Here are three crucial qualities to look for as you’re choosing a lab to analyze your environmental samples.
Technological Capabilities
Labs don’t invest in high-end technology for bragging rights — they do it because that kind of power and complexity is an absolute necessity for measuring some potential contaminants. Southern Research (SR) couples HPLC (high-performance liquid chromatography) with an industry-leading Agilent 8800 Triple Quad ICP-MS to analyze many elements and their species. This allows our engineers to measure substances like selenium in even the tiniest amounts, accounting for interferences (as well as the occasional error in the sampling process).
Deep and Broad Expertise
Many labs can provide basic measurements of contaminants in a given sample. Accurate and actionable analysis, however, requires a deeper understanding of the process. If a test results in measurements that are in doubt, given the parameters of the test, an experienced engineer can recognize that fact, determine possible reasons for the faulty results, re-run tests and investigate as necessary. If results are accurate and reveal, for instance, significant contamination of the water source, an experienced engineer can provide both figures and recommendations for the client about possible ways to begin treating it. Working with an inexperienced lab can lead to time lost to back-and-forth communication as both parties try to figure out questionable results.
“We have a wide variety of chemists and engineers, from a variety of different backgrounds,” said Abhijit Bhagavatula, a research engineer at SR. “That gives us experience and perspectives from different backgrounds to inform the work we do.”
Field Experience
Not all labs — even high-tech and expert labs — have the opportunity to cross-train engineers and chemists, or to hire employees who already have that kind of experience. But it can make a huge difference in a lab’s ability to really understand the sampling and analysis processes and the impact they can have on results.

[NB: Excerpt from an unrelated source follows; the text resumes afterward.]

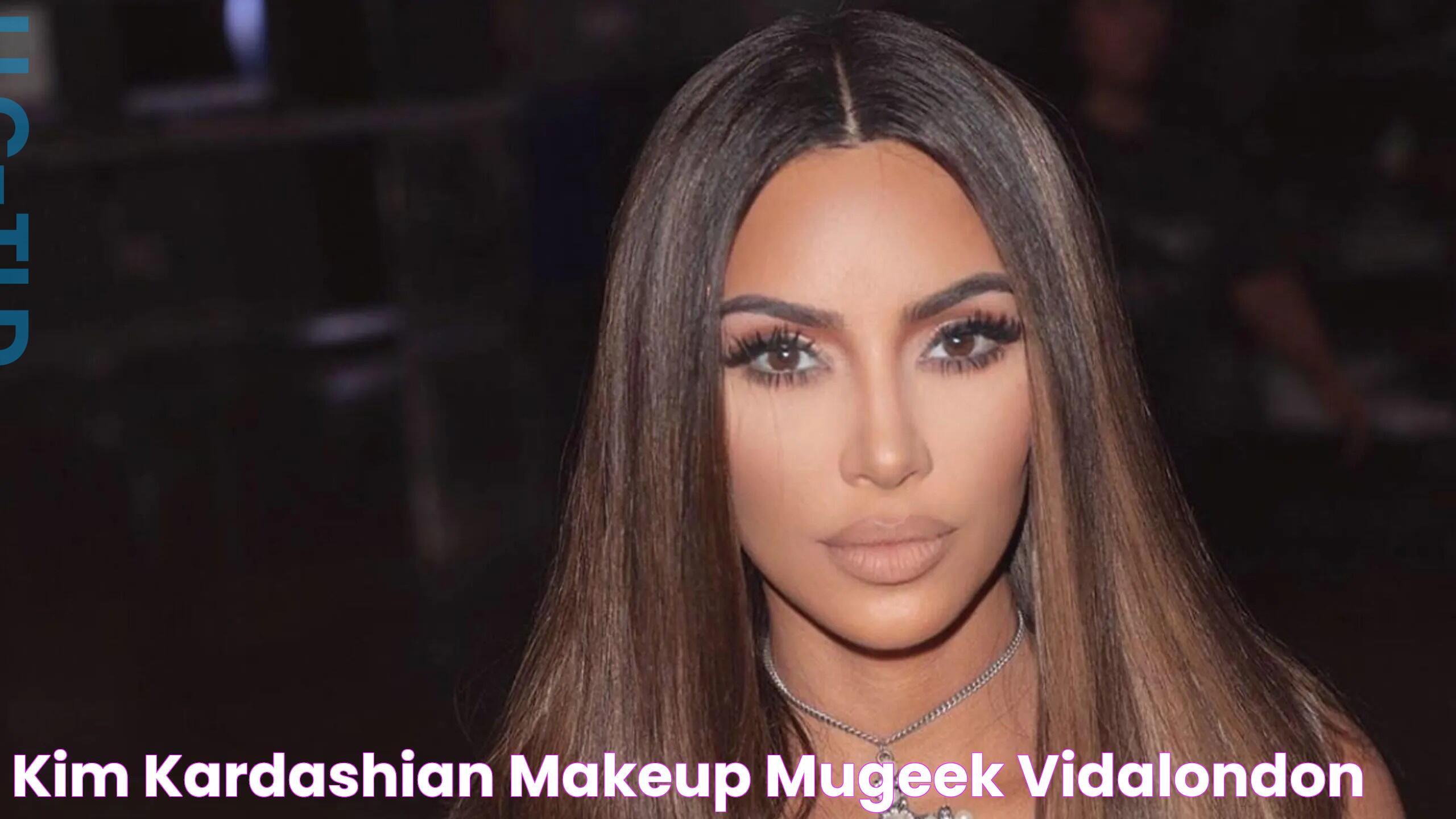 Kim Kardashian Makeup Mugeek Vidalondon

“It’s about continuous training and education,” said Young Chul Choi, industrial water practice lead at SR. “We’ll put the chemists in a truck and take them out to the site so they can better understand what’s going on. Sometimes the engineers work in the lab — doing very simple tasks — to better understand what’s behind all the analysis.”
The chemists then know what mistakes can be made in the sampling process, how they could interfere with accurate analysis, and what factors to account for. The engineers understand what happens once the samples are handed off and what that means for the final outcome. The technology is robust, and the engineers and chemists are experts in their fields. By the time the results are delivered to the client, the analysis itself has been analyzed to make sure every figure is accurate, nothing has been missed, and the client is receiving the high-quality report they should be able to expect from the lab they rely on.